なるほど、王国内に進駐したとなれば前面戦争になる。モスレムはモスレム内のカナトール軍に似せた盗賊を退治したと堂々と周辺諸国に発表すればいい。それが自国の軍だと言えないのがカナトールの辛いところではあるが…どうやって討伐するんだ?
「…と言う事で、後はミズキに任せたのじゃ。」
アルトさんに丸投げされた姉貴は少し考えている。
皆がじれったくなる程黙って依頼書を睨んでいた。
そして…。
「この依頼書の5日間が気になるなぁ。何か言ってなかった?」
「念を押された。5日間は戦士を押さえられると言っていた。」
姉貴の問いに俺が答えた。
「それなら、襲撃は5日間は無いってことね。その間に救出しましょ。」
「何故そう言い切れる?」
「秘密を漏らしてくれたって事かな。…アルトさんとリザル族の関係は分からないけど、信頼してるってこと。だから戦士を抑えられる時間と言う事を強調して伝えたんだと思うな。」
「今日で1日だ。残り4日で救出は可能なのか?」
「相手の規模にも拠るけど…後4日もあります。早速ですがアルトさん。その依頼用紙をギルドに渡して公式な依頼としてください。そして直ぐに依頼をヨイマチのチーム名で受取ってきてください。」
直ぐにアルトさんは席を立ちギルドのカウンターに飛んで行った。
「だが、俺達は万が一に備えて村を出ることは出来んぞ!」
「承知してます。私達で救出します。ミーアちゃん。サーシャちゃんと雑貨屋に行って、爆裂球をありったけ買ってきて。それに食料をお願い!」
今度はミーアちゃん達が席を立ってギルドを飛び出して行った。
「受けてきたぞ。正式な依頼じゃ。これで大手を振ってカナトールの野望を阻止できる。ついでに母様に知らせておいた。後は母様が裏工作をしてくれるじゃろう。」
嬉しそうに俺達に告げるアルトさんを見てると、権力って使うためにあるというのが良く理解できる。

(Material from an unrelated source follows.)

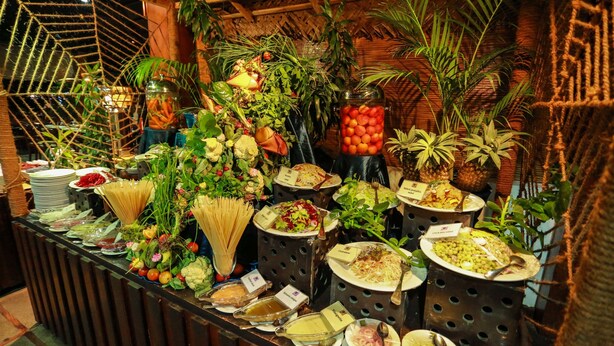 A buffet with various dishes and fresh fruits. - Camellia Resort and Spa (Avudangawa)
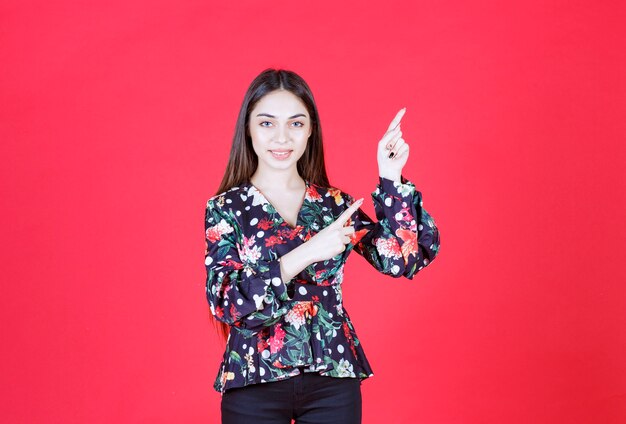 Young woman in floral shirt standing on red wall and showing upside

でもどうやってリザル族の子供達を救出すると言うのだろうか。
俺にはいい案が浮ばないけど、姉貴には何か秘策があるのだろうか…。
そんな事を考えていると、ミーアちゃん達が帰ってきた。
「爆裂球は1人3個って言われた。とりあえず6個を購入して、宿屋で黒パンサンドを2食分手に入れた。雑貨屋さんで旅の食料を手に入れたから大丈夫。」
「そうなんだ。ありがとね。出かける時にもう一度雑貨屋に寄りましょう。私達も購入できるからね。」
そう言って姉貴がミーアちゃん達を労っている。
「爆裂球なら、俺達のを分けてやろう。昔、リザルの戦士に傷の手当てをして貰った事がある。その礼だ。」
レックスさんが俺に爆裂球を5個分けてくれた。
それなら、俺も…とガルディさん達も3個ずつ分けてくれた。都合14個。ありがたく頂きバッグに仕舞い込む。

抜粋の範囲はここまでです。